Editoria de Arte/Folhapress
O TRAJETO DO IRMAFuracão foi rebaixado para tempestade tropical*

A decisão da Tesla de oferecer carros a preço mais baixo com certas restrições de desempenho pode ser vista como algo que amplia as opções abertas aos consumidores e lhes proporciona flexibilidade. Ao mesmo tempo, pelo fato de o hardware continuar o mesmo, não importa o nível de software que a pessoa tenha adquirido, podemos dizer que a Tesla trancou o potencial pleno do veículo por trás de um paywall arbitrário.

É uma mudança de paradigma.

Quando você compra qualquer outro carro, você adquire a capacidade plena dele. Em muitos casos (se bem que nem tanto hoje quanto em décadas passadas), você pode abrir o capô e mexer com o motor você mesmo. Historicamente, sempre foi assim que encaramos a compra de um automóvel. Quando você o leva para casa, o carro é realmente seu; você adquiriu o carro por inteiro e, basicamente, pode fazer com ele o que bem entende.
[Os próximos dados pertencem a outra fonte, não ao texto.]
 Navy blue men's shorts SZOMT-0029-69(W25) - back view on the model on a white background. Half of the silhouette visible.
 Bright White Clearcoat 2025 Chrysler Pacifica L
No caso dos carros da Tesla, não é bem assim.

Existe uma comunidade de hackers amadores que mexe com seus carros e às vezes faz descobertas fascinantes, mas a empresa exerce um grau elevado de controle sobre os veículos, mesmo que não o faça o tempo todo. Como vimos, a Tesla é capaz de instalar novos softwares à distância, incluindo códigos que habilitam e desabilitam elementos de modo unilateral.

Isso pode ser uma dádiva em situações em que estar com o pacote "errado" pode lhe colocar no caminho de um furacão. Ao mesmo tempo, revela o poder tremendo que o fabricante de seu veículo pode ter sobre você. Isso, sem falar em se é ou não benéfico para o consumidor se a empresa lhe cobra milhares de dólares para acessar hardware que só requer alguns toques em um teclado para ser habilitado.

A discussão já deslanchou no Reddit.